TASK REQUIREMENTS -
Count up the lines of the data below that contain the string "over", then give only the total.

Stored items -
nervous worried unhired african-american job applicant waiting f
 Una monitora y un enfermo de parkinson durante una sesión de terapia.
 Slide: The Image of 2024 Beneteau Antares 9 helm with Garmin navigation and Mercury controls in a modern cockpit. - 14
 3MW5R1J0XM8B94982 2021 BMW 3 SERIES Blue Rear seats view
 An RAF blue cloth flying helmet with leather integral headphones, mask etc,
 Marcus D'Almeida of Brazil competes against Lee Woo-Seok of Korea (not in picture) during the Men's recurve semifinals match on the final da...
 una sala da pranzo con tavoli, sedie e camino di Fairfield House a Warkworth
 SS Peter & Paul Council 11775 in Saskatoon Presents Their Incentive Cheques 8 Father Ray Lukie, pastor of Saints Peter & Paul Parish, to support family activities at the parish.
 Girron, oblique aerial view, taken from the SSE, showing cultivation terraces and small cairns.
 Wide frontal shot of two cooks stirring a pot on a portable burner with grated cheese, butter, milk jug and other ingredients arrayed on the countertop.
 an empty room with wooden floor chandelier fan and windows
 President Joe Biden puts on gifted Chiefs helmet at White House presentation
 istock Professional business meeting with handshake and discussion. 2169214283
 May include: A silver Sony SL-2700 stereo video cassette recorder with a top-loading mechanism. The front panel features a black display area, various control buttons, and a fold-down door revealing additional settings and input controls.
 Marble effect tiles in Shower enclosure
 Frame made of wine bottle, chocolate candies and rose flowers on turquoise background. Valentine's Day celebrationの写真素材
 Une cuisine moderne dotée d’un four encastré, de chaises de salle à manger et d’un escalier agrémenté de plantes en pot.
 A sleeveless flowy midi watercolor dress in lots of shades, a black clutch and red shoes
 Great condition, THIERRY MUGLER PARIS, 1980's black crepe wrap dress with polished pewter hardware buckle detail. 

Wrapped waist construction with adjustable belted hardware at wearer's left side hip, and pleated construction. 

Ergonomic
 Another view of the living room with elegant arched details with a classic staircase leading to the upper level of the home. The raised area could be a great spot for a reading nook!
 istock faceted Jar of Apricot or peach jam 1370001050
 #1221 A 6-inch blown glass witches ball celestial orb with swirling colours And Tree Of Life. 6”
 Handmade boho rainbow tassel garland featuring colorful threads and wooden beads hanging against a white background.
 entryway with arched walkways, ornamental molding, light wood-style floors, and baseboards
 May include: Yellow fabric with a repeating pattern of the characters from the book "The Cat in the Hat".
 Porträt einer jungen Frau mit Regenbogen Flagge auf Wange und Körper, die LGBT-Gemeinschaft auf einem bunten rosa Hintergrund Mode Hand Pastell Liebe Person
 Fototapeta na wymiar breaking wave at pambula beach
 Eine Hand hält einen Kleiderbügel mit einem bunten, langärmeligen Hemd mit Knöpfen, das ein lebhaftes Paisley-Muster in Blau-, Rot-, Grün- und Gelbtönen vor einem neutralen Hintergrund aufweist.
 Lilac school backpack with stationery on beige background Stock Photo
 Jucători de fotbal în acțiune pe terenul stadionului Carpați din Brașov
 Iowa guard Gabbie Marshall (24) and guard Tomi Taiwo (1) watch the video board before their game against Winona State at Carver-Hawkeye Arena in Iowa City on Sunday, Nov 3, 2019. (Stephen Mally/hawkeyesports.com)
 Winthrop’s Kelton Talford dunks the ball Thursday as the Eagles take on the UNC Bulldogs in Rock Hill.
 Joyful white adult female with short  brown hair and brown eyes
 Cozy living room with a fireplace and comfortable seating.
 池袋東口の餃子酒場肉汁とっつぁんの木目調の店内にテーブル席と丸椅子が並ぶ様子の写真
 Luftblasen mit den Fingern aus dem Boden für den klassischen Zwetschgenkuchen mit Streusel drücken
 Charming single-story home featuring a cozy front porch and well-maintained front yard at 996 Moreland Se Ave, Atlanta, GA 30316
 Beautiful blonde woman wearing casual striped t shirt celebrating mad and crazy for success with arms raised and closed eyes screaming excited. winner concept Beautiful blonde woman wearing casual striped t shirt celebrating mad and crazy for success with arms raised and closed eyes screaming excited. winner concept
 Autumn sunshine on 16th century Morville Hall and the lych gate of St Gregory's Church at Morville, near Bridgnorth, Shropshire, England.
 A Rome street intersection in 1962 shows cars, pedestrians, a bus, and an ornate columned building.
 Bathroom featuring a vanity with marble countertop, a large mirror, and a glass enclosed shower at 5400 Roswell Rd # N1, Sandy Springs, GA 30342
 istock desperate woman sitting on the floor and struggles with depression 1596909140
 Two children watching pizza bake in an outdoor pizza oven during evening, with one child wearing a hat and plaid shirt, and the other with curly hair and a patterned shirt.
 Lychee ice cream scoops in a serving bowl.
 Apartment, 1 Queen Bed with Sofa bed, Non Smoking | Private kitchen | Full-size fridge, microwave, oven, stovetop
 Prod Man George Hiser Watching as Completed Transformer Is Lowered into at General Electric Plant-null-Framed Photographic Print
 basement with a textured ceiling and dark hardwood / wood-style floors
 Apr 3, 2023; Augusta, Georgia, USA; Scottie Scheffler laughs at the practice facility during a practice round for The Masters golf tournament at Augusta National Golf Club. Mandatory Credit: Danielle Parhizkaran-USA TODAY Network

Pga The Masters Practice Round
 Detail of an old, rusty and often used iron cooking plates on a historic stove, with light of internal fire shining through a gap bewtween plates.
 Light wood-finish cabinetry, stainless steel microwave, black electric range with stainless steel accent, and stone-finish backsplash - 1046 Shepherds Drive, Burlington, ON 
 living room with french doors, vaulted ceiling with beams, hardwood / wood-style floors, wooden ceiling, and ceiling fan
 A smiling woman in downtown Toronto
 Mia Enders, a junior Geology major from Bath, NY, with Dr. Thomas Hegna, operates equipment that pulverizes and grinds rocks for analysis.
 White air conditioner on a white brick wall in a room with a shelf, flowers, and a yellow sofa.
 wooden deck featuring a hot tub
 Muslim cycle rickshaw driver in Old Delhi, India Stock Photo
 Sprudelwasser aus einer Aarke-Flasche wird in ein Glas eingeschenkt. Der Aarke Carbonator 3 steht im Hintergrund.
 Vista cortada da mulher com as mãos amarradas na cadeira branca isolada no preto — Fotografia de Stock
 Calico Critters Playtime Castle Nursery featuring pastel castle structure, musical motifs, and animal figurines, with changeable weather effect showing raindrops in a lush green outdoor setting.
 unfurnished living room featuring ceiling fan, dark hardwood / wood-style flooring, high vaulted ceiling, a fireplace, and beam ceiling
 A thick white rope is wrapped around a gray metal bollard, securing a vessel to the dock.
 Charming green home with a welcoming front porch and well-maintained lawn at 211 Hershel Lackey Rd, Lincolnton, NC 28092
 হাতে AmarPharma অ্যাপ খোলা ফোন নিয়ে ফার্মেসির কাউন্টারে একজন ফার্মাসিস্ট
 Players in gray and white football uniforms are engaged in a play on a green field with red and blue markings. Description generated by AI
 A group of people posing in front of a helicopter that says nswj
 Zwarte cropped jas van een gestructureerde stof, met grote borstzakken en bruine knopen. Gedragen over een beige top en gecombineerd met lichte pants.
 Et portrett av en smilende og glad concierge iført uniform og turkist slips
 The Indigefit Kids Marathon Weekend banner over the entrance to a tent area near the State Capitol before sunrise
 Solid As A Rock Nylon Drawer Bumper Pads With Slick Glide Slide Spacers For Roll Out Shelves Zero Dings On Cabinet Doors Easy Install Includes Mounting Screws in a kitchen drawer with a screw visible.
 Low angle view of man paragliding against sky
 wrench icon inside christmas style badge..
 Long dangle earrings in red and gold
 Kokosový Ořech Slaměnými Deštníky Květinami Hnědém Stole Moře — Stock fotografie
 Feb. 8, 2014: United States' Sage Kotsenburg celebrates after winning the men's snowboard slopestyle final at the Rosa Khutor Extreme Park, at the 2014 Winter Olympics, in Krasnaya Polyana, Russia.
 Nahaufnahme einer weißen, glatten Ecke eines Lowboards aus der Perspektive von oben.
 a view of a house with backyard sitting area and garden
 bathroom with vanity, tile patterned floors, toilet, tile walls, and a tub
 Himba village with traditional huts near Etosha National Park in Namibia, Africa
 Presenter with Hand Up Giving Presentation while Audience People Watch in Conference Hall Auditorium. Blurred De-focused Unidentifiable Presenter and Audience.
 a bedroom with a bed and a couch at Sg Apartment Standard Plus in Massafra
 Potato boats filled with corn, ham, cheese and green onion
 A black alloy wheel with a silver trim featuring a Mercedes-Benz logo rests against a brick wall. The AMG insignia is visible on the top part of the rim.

EXERCISE RESPONSE -
2